Well I'm glad ya posted it here; I wouldn't have read it otherwise.

I remember the Viking. Ain't it the largest partyboat in Montauk Harbor? I think that's the one I almost went on. I can't remember the price, though. It might of been $45 to $65. Surprising that that party boat is cheaper than the one you're speaking of because anything in Montauk is expensive as all heck, except hotel rooms in October.


----------



## BLUEFISH (Apr 18, 2001)

At times we have great headboat fishing down here in Virginia....our water ain't close to Mountauk.... I guess those live and fish around waters of Mountauk are lucky son of @#%$$#@


----------



## LongIslandtoMD (May 8, 2005)

*Viking Fleet*

The viking fleet has two boats leaving montauk (last time i checked) www.vikingfleet.com. Its a hell of a ride from just about all locations, but some of the best fishing. Okay, enough...this wasnt supposed to be a viking fleet commercial


----------



## Anthony (Jul 3, 2002)

I know that 85 is expensive but he wouldn't do it unless he had to. This has been a rough year for him and the other party boats in the area. The weather hasn't been too kind around the weekends not to mention the water temps delaying the sea bass run for several weeks. On top of all that the increasing cost of gas.


----------



## Hat80 (Sep 22, 2002)

*You need to go out with this Capt.*



LongIslandtoMD said:


> Truth be told, I haven't been out with Capt. Monty, but everyone says that he is great. But $85? wow.

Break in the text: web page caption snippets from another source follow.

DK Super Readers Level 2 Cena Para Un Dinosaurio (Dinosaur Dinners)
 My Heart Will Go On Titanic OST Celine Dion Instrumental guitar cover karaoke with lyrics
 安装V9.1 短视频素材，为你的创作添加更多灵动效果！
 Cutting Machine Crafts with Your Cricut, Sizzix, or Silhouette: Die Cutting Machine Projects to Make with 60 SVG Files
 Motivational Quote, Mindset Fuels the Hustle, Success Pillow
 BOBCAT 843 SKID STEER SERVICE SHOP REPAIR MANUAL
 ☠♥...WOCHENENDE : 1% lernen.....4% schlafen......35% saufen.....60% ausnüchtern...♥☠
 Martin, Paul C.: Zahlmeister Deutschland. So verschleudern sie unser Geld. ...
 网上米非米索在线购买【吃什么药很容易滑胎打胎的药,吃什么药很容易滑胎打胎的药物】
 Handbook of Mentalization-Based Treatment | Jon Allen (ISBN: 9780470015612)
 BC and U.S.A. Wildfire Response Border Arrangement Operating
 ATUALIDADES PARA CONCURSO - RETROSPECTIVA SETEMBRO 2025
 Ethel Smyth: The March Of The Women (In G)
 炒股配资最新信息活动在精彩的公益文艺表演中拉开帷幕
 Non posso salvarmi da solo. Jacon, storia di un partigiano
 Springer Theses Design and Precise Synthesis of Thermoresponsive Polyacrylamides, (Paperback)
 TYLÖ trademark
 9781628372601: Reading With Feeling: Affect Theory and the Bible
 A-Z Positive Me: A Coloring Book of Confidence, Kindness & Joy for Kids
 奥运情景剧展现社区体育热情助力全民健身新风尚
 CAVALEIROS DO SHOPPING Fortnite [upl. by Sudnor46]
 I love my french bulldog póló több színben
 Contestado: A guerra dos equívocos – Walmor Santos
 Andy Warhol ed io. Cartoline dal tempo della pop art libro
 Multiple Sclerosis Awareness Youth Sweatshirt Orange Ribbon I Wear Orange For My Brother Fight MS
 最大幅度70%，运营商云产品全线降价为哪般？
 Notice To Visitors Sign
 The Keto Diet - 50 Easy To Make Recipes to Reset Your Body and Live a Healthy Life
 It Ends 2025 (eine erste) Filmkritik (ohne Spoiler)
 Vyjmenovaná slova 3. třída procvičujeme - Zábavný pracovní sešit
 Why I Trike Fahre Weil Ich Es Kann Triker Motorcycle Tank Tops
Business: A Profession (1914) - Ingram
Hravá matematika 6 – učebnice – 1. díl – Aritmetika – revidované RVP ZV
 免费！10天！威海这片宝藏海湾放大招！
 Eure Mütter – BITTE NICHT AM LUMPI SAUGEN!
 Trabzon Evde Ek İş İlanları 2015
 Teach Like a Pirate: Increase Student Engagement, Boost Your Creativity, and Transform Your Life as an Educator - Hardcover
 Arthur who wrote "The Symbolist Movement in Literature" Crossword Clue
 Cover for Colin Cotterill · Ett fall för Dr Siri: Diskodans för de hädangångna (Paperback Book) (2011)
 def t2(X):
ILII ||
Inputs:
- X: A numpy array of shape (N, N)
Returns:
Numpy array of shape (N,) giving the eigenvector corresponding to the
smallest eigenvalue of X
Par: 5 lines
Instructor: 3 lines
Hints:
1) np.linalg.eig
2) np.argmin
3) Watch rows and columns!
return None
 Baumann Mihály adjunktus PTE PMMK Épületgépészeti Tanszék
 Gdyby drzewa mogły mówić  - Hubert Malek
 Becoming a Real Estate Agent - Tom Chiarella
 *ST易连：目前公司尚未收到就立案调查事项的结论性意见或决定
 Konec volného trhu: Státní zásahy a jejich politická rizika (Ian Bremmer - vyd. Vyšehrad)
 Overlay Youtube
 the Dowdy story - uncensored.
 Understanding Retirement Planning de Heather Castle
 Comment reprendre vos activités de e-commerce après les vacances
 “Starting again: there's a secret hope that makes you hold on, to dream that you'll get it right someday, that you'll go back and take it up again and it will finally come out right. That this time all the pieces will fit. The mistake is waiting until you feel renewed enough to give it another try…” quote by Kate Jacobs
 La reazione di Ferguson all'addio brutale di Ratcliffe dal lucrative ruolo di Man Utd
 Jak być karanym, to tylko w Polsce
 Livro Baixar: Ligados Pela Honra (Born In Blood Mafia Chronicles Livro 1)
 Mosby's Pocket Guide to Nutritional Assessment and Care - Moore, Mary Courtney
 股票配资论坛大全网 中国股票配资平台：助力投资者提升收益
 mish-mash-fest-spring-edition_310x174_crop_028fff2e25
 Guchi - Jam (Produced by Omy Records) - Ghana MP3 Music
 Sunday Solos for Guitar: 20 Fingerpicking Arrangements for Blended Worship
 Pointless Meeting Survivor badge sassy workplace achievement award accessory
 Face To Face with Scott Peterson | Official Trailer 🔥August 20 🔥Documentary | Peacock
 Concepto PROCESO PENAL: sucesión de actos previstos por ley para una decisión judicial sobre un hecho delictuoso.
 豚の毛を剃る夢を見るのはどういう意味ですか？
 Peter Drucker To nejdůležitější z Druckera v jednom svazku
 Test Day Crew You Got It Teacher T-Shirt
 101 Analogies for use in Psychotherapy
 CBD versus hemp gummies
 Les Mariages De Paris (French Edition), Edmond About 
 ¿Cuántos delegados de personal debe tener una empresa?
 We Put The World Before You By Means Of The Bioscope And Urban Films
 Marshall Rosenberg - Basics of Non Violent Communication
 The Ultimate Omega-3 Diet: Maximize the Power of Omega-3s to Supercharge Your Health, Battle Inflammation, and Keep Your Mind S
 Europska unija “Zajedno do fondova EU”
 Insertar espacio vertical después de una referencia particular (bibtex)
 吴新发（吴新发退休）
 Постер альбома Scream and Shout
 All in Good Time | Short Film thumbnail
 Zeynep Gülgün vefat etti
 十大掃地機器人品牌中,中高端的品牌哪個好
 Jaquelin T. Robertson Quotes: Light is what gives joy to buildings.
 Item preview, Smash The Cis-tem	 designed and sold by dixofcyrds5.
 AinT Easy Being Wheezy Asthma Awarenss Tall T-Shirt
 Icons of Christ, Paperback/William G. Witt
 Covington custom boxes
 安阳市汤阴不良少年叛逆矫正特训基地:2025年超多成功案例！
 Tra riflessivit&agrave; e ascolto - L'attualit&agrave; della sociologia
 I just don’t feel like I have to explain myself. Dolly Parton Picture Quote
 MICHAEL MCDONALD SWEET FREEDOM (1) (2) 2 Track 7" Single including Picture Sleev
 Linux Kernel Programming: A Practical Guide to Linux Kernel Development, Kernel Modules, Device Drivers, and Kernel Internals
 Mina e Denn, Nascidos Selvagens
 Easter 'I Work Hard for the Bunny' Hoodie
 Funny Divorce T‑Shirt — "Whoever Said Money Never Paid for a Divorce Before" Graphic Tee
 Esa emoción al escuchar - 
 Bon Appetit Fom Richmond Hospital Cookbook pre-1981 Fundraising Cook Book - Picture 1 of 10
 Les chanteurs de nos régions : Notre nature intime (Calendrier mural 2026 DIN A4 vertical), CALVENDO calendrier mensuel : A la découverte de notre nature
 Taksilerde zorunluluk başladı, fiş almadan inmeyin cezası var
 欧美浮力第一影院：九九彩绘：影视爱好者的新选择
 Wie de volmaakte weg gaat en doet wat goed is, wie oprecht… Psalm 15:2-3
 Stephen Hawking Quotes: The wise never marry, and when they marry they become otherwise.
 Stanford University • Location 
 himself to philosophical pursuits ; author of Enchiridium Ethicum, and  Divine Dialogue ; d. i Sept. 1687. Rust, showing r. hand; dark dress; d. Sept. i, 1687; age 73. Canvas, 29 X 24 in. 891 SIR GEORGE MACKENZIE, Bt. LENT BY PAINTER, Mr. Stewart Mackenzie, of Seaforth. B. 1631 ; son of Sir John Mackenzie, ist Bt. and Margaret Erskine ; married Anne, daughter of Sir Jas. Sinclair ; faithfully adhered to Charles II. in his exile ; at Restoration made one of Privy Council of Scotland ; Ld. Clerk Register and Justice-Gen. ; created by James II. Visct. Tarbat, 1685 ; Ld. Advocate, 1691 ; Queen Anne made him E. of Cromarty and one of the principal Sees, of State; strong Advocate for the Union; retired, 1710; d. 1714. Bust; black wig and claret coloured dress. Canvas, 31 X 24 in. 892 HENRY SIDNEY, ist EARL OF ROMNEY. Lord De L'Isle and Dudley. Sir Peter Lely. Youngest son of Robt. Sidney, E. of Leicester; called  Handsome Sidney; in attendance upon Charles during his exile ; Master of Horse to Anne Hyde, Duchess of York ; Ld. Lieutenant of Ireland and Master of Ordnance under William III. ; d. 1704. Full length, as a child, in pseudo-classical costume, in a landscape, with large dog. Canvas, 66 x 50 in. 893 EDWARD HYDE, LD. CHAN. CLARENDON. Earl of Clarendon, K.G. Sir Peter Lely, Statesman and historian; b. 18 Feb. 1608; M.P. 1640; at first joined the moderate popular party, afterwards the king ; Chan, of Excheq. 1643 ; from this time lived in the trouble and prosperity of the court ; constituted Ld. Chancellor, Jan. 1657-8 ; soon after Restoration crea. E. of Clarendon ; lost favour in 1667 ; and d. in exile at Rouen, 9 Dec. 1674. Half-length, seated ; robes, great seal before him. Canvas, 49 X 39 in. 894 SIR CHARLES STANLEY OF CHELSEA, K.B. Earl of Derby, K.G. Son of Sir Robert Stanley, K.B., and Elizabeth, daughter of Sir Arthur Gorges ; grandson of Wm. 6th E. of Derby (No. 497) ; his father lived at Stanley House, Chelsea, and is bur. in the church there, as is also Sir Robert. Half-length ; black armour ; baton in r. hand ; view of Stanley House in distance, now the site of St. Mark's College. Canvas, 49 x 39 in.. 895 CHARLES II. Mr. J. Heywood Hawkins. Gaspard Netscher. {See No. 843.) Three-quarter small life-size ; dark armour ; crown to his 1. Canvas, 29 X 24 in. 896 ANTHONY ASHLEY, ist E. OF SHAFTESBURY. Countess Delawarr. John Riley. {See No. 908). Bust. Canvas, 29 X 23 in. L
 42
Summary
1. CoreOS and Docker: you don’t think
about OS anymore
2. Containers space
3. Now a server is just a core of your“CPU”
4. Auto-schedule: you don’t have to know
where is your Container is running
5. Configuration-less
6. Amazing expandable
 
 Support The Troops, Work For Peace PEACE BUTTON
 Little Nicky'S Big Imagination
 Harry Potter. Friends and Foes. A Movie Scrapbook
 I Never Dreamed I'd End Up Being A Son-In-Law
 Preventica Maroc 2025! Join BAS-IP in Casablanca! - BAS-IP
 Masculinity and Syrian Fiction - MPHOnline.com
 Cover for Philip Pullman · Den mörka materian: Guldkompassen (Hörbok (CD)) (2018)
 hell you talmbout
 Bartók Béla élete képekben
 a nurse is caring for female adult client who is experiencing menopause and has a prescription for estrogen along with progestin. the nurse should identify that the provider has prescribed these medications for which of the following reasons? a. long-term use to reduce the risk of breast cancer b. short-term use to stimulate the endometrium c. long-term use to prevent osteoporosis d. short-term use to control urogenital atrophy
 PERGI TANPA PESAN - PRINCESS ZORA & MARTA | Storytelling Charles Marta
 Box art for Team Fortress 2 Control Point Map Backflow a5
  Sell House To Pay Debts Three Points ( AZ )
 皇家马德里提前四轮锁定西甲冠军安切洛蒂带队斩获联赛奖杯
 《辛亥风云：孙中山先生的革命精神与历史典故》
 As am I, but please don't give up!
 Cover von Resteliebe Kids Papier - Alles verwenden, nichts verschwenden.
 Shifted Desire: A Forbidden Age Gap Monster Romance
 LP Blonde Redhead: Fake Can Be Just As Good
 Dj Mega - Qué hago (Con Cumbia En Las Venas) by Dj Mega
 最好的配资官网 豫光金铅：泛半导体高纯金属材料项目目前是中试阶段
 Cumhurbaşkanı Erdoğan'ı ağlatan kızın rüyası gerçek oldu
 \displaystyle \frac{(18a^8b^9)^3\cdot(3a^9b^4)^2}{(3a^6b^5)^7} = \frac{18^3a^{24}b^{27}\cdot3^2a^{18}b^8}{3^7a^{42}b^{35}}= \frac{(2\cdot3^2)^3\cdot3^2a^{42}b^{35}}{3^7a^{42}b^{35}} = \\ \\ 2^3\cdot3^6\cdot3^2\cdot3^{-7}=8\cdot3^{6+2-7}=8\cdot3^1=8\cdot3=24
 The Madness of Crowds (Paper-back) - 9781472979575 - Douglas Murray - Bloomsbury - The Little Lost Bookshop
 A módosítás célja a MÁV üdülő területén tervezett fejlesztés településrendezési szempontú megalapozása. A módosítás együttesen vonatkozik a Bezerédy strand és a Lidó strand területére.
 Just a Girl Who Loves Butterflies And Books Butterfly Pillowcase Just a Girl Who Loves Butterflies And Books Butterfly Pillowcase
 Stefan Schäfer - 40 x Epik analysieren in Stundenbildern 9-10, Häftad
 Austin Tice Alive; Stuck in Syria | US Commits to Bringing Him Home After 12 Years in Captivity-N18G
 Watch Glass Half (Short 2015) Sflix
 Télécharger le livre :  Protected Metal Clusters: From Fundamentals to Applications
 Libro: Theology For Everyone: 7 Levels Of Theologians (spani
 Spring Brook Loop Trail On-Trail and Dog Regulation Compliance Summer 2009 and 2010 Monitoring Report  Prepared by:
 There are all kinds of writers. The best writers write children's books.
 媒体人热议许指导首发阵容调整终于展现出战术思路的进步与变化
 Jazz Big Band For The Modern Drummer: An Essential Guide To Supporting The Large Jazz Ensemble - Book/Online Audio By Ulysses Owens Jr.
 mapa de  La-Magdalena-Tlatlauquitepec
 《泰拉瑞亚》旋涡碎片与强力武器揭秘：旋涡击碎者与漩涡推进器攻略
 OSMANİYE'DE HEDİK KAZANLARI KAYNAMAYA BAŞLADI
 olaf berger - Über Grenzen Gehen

Monty would be worth $100.00 a day! 

This dose belong on the boating board. How bout it Flea, move this thread. .....Tightlines


----------



## Tomasas (Sep 29, 2004)

*boats*

add 15$ a person and you can charter "Karen Sue" out of IRI... Best Capt and Boat fot Bottom fishing in the area IMO

Morning Star - no thank you! Capr is grat, but it's not worth paying charter boat price...IMHO...


----------



## Genghis (Nov 2, 2004)

Tomasas said:


> add 15$ a person and you can charter "Karen Sue" out of IRI... Best Capt and Boat fot Bottom fishing in the area IMO
> 
> Morning Star - no thank you! Capr is grat, but it's not worth paying charter boat price...IMHO...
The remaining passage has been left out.